## WHAT TO WORK ON
Give back, unchanged, each line from the one containing "Collier Plat en" through the last line of the entries below.

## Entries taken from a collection
BEGIN
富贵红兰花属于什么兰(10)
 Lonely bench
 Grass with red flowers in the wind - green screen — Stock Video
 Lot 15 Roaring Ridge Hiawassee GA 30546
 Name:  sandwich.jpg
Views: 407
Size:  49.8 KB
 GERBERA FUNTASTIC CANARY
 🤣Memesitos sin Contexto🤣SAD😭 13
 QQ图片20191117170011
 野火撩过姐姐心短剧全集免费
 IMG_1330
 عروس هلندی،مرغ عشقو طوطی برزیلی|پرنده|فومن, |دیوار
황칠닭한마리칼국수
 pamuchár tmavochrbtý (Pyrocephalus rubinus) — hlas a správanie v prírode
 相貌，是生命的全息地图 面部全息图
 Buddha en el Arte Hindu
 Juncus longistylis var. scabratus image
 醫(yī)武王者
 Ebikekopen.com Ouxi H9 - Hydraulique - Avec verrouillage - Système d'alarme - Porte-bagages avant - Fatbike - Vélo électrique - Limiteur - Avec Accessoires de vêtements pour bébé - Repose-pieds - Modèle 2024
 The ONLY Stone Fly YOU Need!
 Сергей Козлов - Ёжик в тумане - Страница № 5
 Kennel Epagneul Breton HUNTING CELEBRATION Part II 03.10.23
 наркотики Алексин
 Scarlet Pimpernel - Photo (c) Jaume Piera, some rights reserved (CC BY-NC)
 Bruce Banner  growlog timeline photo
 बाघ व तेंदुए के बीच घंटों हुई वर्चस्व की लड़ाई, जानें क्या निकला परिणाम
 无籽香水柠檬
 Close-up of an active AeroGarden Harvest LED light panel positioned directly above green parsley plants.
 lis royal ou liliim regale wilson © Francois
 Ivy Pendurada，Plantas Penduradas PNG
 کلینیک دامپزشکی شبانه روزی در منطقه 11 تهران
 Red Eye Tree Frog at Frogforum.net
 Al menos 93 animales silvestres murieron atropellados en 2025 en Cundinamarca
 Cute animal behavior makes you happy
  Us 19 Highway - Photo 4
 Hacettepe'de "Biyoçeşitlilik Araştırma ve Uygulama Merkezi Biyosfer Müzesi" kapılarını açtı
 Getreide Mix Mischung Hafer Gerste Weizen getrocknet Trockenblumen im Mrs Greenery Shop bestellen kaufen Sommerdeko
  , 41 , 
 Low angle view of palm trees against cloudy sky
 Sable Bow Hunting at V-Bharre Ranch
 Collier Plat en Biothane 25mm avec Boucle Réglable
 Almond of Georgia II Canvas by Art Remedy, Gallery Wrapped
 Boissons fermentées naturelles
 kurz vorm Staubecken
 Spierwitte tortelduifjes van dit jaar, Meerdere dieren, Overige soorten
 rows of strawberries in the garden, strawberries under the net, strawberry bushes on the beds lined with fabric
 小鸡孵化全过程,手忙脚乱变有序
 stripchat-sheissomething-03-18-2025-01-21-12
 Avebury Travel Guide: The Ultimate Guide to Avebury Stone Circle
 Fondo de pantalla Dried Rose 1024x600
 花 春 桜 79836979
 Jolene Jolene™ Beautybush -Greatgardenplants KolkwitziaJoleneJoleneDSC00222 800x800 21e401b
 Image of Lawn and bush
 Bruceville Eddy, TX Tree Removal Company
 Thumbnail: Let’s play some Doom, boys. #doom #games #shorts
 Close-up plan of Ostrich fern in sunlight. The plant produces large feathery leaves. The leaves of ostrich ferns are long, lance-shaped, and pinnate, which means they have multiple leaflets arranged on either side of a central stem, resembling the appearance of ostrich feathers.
END
## TASK SOLUTION
 Collier Plat en Biothane 25mm avec Boucle Réglable
 Almond of Georgia II Canvas by Art Remedy, Gallery Wrapped
 Boissons fermentées naturelles
 kurz vorm Staubecken
 Spierwitte tortelduifjes van dit jaar, Meerdere dieren, Overige soorten
 rows of strawberries in the garden, strawberries under the net, strawberry bushes on the beds lined with fabric
 小鸡孵化全过程,手忙脚乱变有序
 stripchat-sheissomething-03-18-2025-01-21-12
 Avebury Travel Guide: The Ultimate Guide to Avebury Stone Circle
 Fondo de pantalla Dried Rose 1024x600
 花 春 桜 79836979
 Jolene Jolene™ Beautybush -Greatgardenplants KolkwitziaJoleneJoleneDSC00222 800x800 21e401b
 Image of Lawn and bush
 Bruceville Eddy, TX Tree Removal Company
 Thumbnail: Let’s play some Doom, boys. #doom #games #shorts
 Close-up plan of Ostrich fern in sunlight. The plant produces large feathery leaves. The leaves of ostrich ferns are long, lance-shaped, and pinnate, which means they have multiple leaflets arranged on either side of a central stem, resembling the appearance of ostrich feathers.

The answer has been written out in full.